Ce sont ces mêmes avantages qui ont poussé le dirigeant de SBNA à enregistrer à Lomé la filiale ouest-africaine de cette coentreprise de SouthBridge Investments (SBI) et de New African Capital Partners (NACP). « Il y a un volontarisme politique des autorités. Les démarches sont claires, il faut le saluer. Nous ne regrettons pas notre choix », détaille celui qui est aussi l’ancien patron d’Ecobank Nigeria. « Ils sont très accueillants envers les investisseurs, confirme Guy Martial Awona. La disponibilité des plus hautes autorités est à souligner. »

Carrefour logistique

Au sein de l’UEMOA, le Togo tire aussi parti de sa position géographique centrale. En plus d’être une place forte financière, le pays joue ainsi le rôle de carrefour, avec le premier port en eau profonde de la région et une compagnie aérienne, Asky, qui relie toutes les capitales de la Cedeao. « Il est très facile de se déplacer depuis Lomé, appuie Guy Martial Awona. Le pays est un passage naturel vers l’hinterland, c’est-à-dire le Mali, le Niger et le Burkina Faso. Il est parfois plus simple d’avoir des partenaires qui sont au Togo, cela facilite les transactions commerciales et par conséquent financières. »

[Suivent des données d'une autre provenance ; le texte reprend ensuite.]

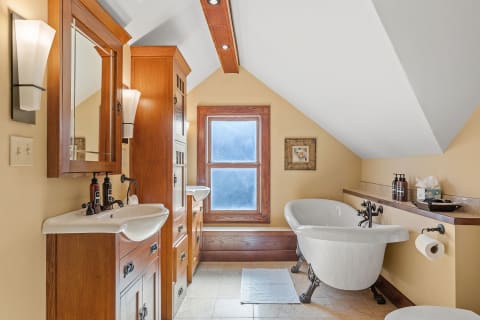 Stylish bathroom with a clawfoot tub, dual sinks, and wooden fixtures.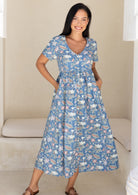 Woman wearing a blue based floral button through dress with a V-neckline and short sleeves, with hands in pockets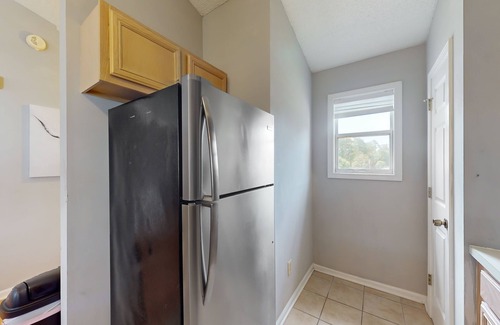 Surfside Beach Condo | Airy condo in a great location with balcony, W/D, and pool access - dog-friendly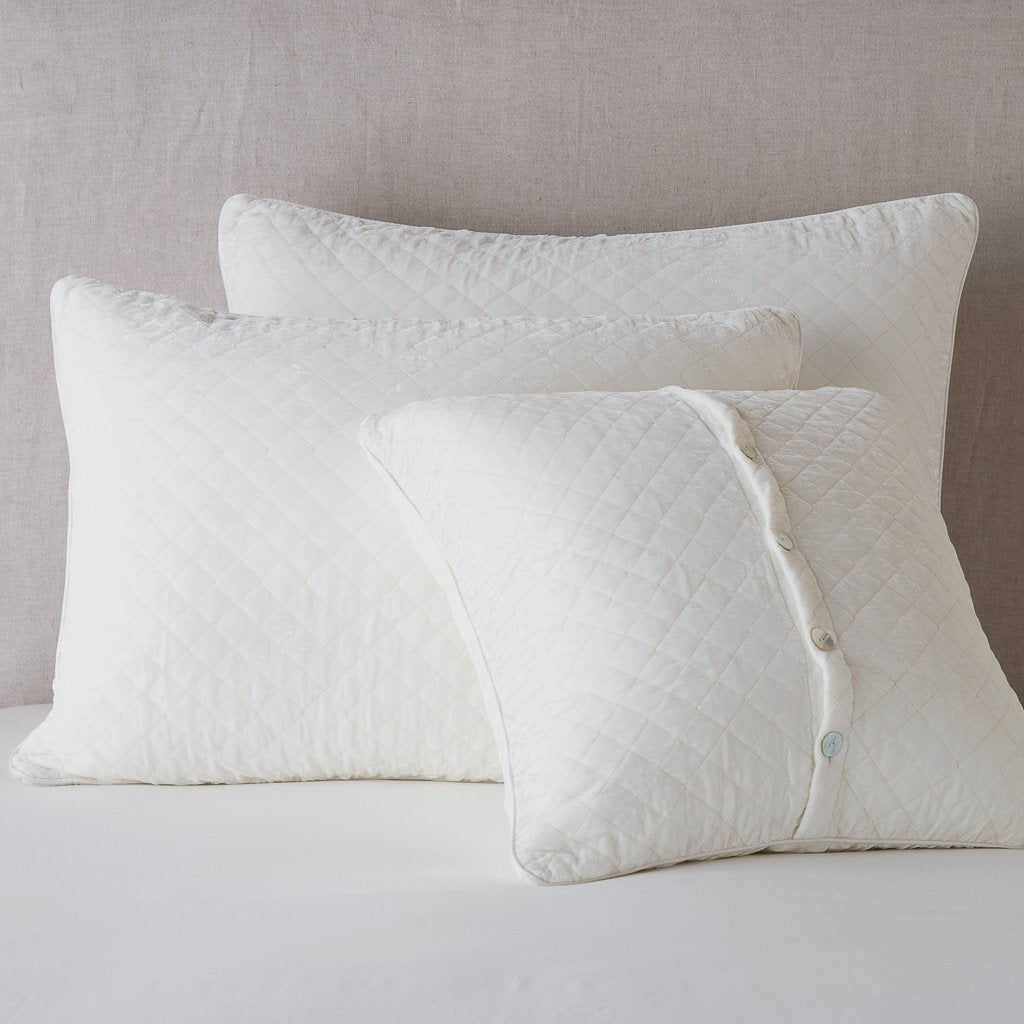 Winter White: shams leaning upright against a neutral headboard. One sham is backwards to showcase the shimmering shell button closure.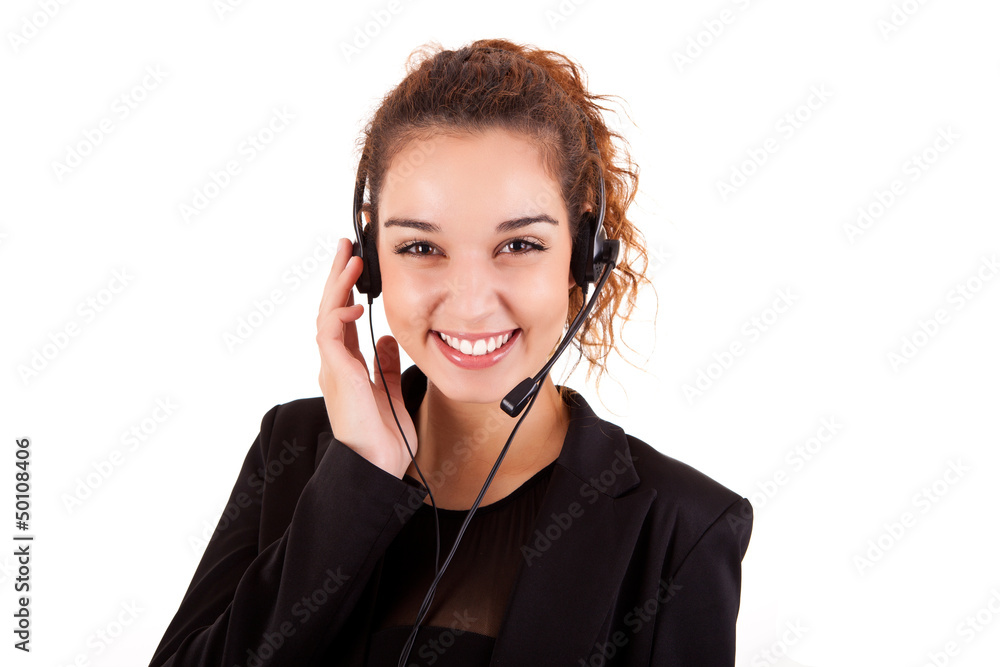 Portrait of a happy young call center employee smiling with a he Portrait of a happy young call center employee smiling with a he
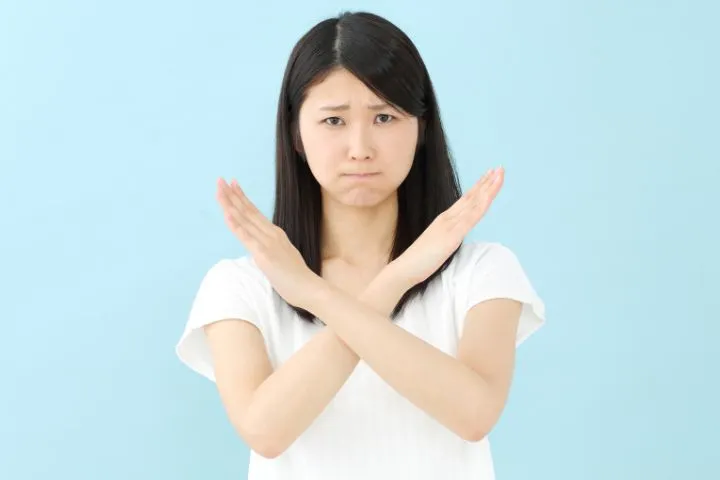 手で×マークを作っている女性の画像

Les financiers interrogés font aussi valoir la stabilité politique et sécuritaire qui prévaut dans le pays. Ces atouts mis bout à bout produisent leurs effets. En 2021, African Guarantee Fund (AGF) a choisi Lomé pour implanter sa filiale ouest-africaine. Deux ans plus tôt, c’est African Lease, une entreprise spécialisée dans la prise de participations et leur gestion dans les établissements financiers, qui établissait son quartier général dans la petite capitale.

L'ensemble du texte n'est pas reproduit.